The girl looked at him in complete outrage. The last thing she needed tonight was this visitor jumping on his high horse.
‘How dare you? If you just want to give me a hard time then you can piss off. I can get that fucking anywhere.’ She was hurting and it showed. Her tiny heart-shaped face wore a frown, making her look her age for once. Her eyes, a deep brown, were full of anger.
She looked at the man before her and said contemptuously, ‘What is it with you lately? One minute you’re all sweetness and light and the next you’re a right arsehole. Well, listen to me, mate, I don’t fucking need this shit from you or anyone else.’

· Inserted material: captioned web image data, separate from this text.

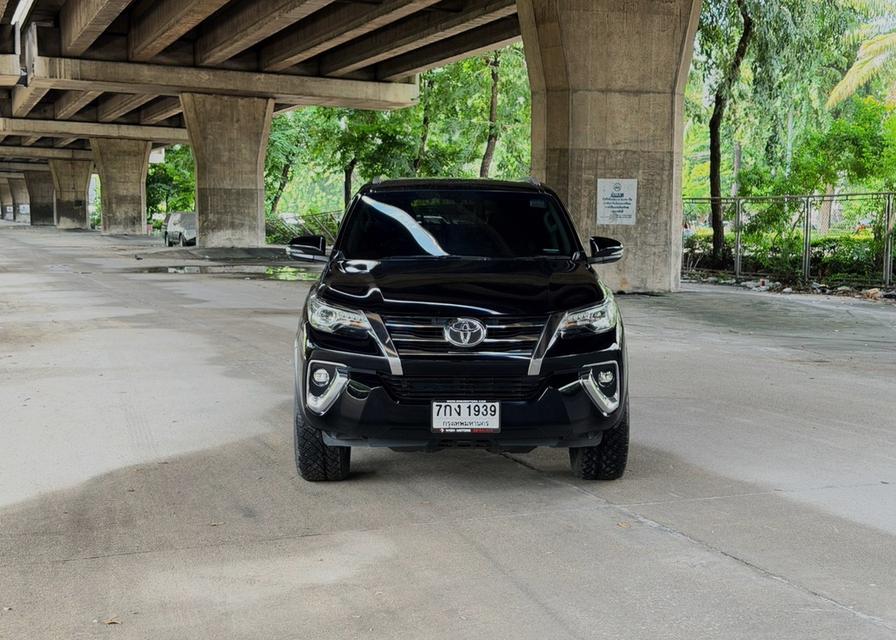 Toyota Fortuner 2.4 V auto 4x4  ปี 2018 รูปที่ 2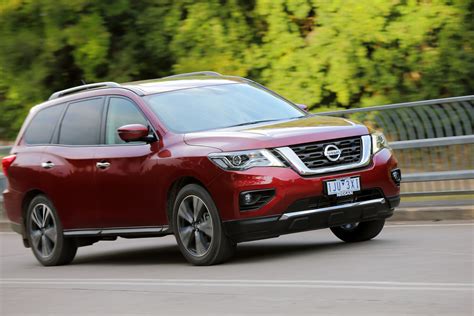 2017 Nissan Pathfinder review | CarAdvice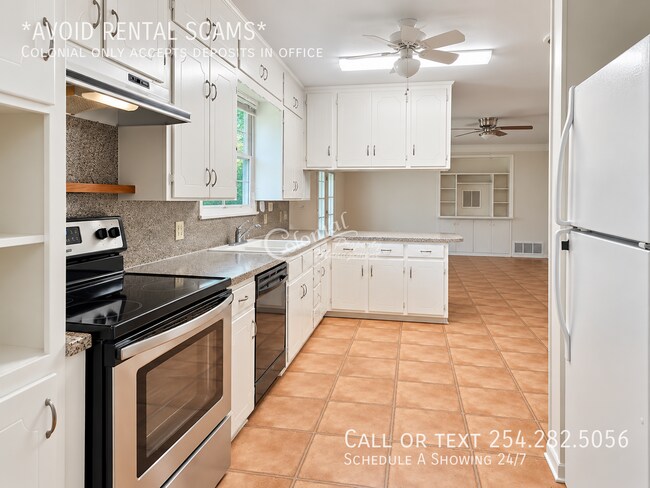 Foto del edificio - 3306 Chisholm Trail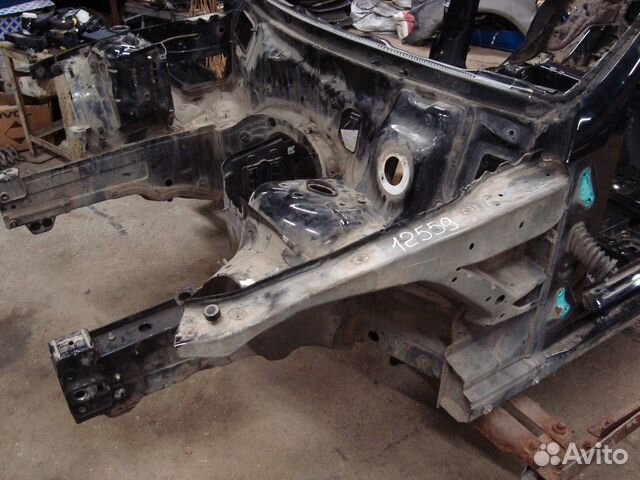 Четверть кузова передняя левая W204 M271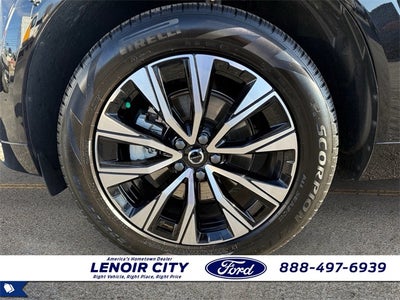 2025 Volvo XC60 B5 Core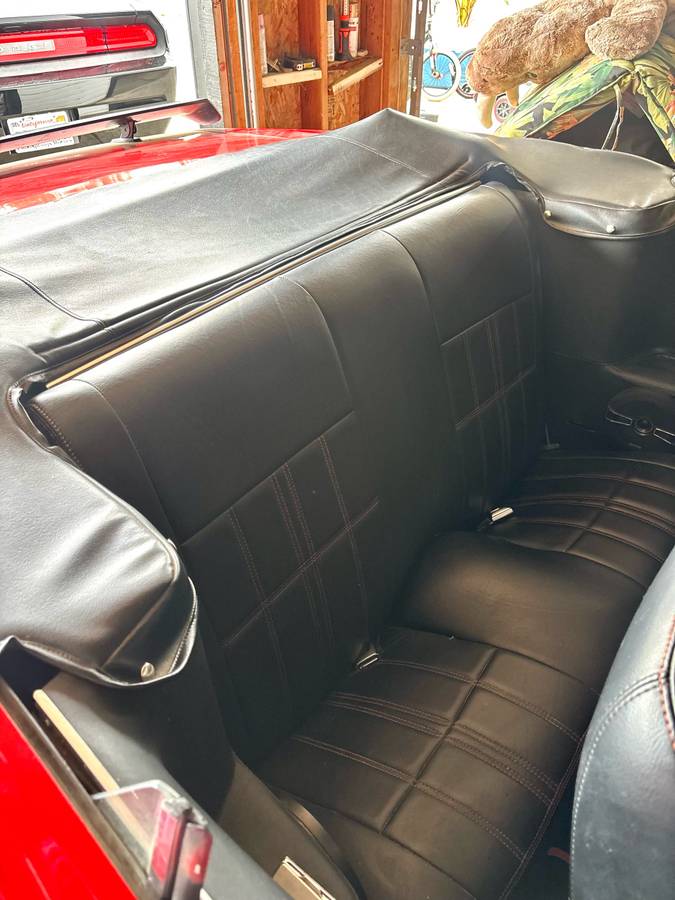 Ford-mustang-convertible-1977-red-8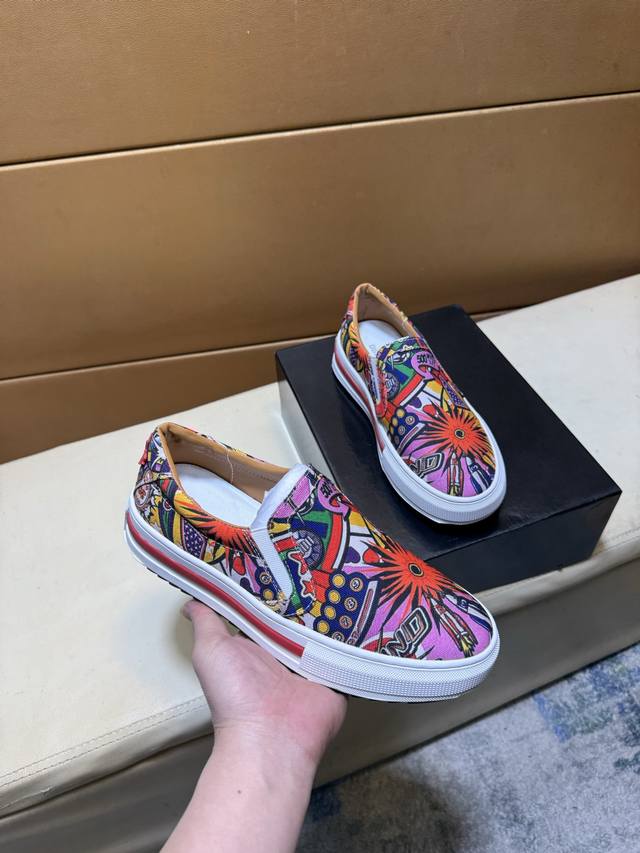 杜嘉班纳Dg 顶级代购男士2025Hk专柜同步发售。鞋底：原厂特供原版底，独家活动底超级舒适，原厂跟单货，高品质多色拼接设计做工精致细腻，独一无二， 丝绸面料，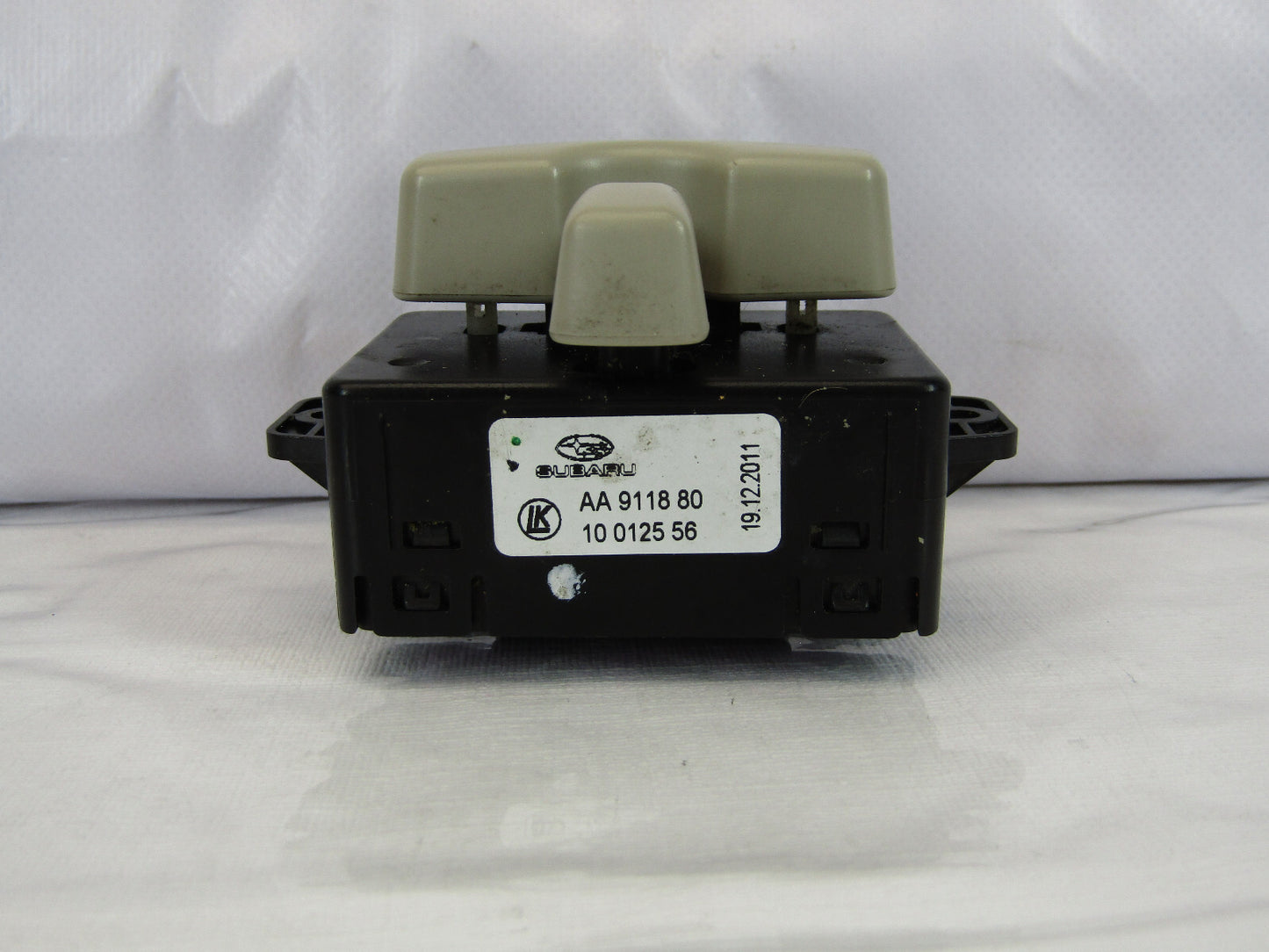 2010-2014 Subaru Outback Left Seat Control Switch Beige AA911880 OEM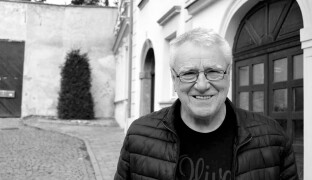 Zemřel Petr John Uličný. Čest jeho památce!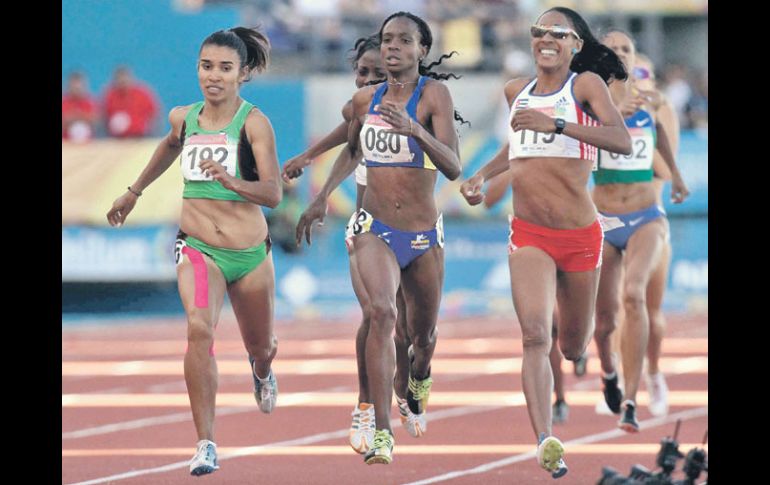 Gaby Medina (izquierda) repuntó en el final de la carrera; la cubana Adriana Muñoz (derecha) ganó el oro. MEXSPORT  /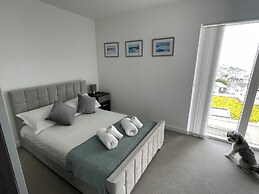 10 Quay Court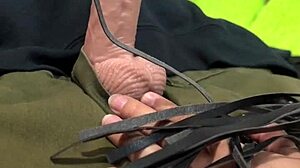 oye, tu dueña te hace sufrir con patadas en las bolas y squirt en tu cara...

She was standing now. Her short skirt had ridden up and exposed her pale thighs. By the harsh light of the naked bulb the cellulite was glaringly visible. Her high heels were worn down at the sides so she rolled her ankles to compensate and her tiny breasts were quivering with annoyance under a bright orange crop top.
‘You’re no different from the punters, mate. You think you know it all, just like them. Well, you bleeding well don’t. I know what you want - a blow job. That’s what you always want. Well, you can piss off. The freebies stop here.’
She was angry.
A night of strange men demanding outlandish favours and arguing over payment had taken its toll. The speed had made her paranoid and she had argued with another of the girls, coming off worst to the amusement of the onlookers. It had rankled. Tina was only seventeen and already a loud-mouthed slut who had gradually taken over as the wit of the massage parlour, a position that had been Bernice’s until recently. She was not a happy bunny and hearing her degradation exposed by the man sitting opposite her was the last straw.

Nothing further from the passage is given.